## ASSIGNED TASK:
Nothing outside the lines below from the one containing "View of Collection" through the one containing "Businessman viewing night glowing city Businessman" is to be printed; print those exactly, ends included, and drop the pictures.

## PROVIDED INFORMATION:
- Opening Delimiter -

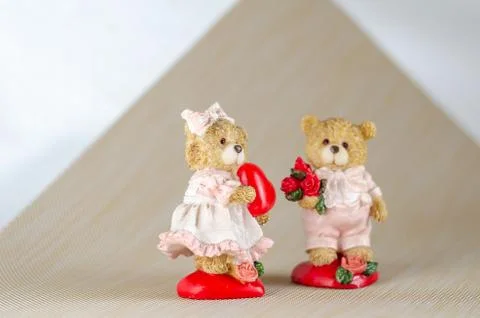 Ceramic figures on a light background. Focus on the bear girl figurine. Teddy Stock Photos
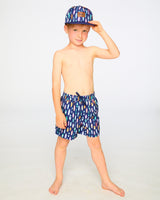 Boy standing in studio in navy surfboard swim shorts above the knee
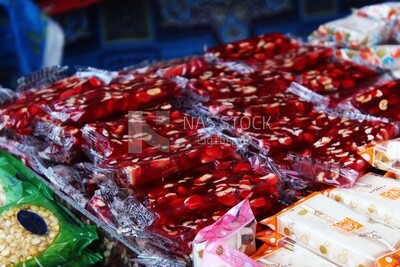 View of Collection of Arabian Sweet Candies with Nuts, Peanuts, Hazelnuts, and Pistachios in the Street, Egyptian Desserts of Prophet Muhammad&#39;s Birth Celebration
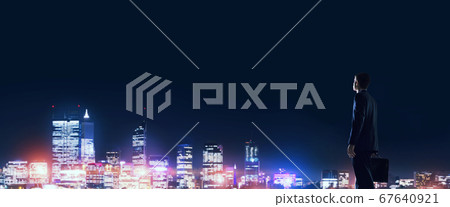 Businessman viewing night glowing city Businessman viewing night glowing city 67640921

- Closing Delimiter -
- Opening Delimiter -

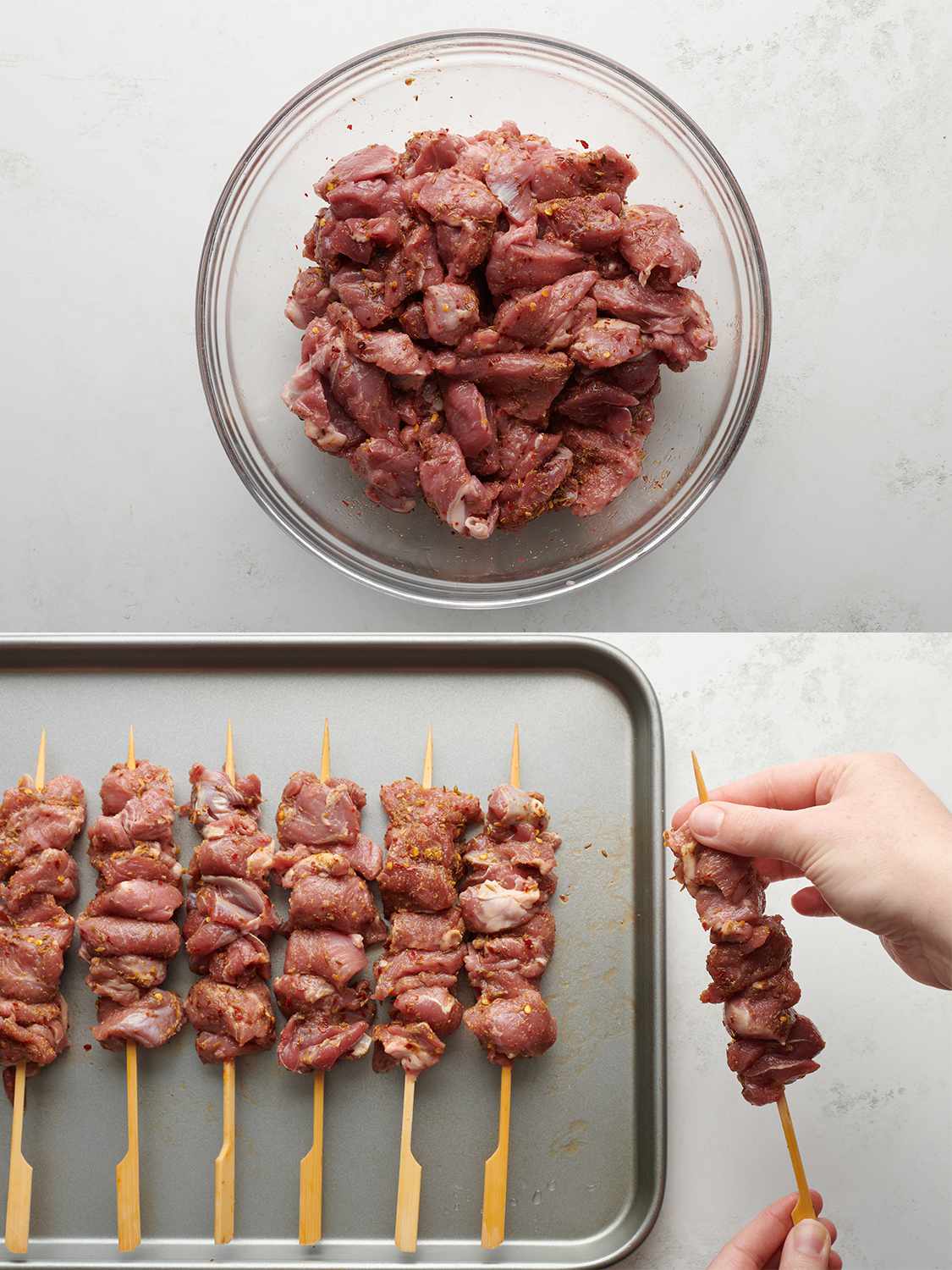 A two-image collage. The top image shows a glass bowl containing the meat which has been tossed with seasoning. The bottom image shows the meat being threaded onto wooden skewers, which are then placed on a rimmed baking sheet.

- Closing Delimiter -

## EXERCISE OUTPUT:
 View of Collection of Arabian Sweet Candies with Nuts, Peanuts, Hazelnuts, and Pistachios in the Street, Egyptian Desserts of Prophet Muhammad&#39;s Birth Celebration
 Businessman viewing night glowing city Businessman viewing night glowing city 67640921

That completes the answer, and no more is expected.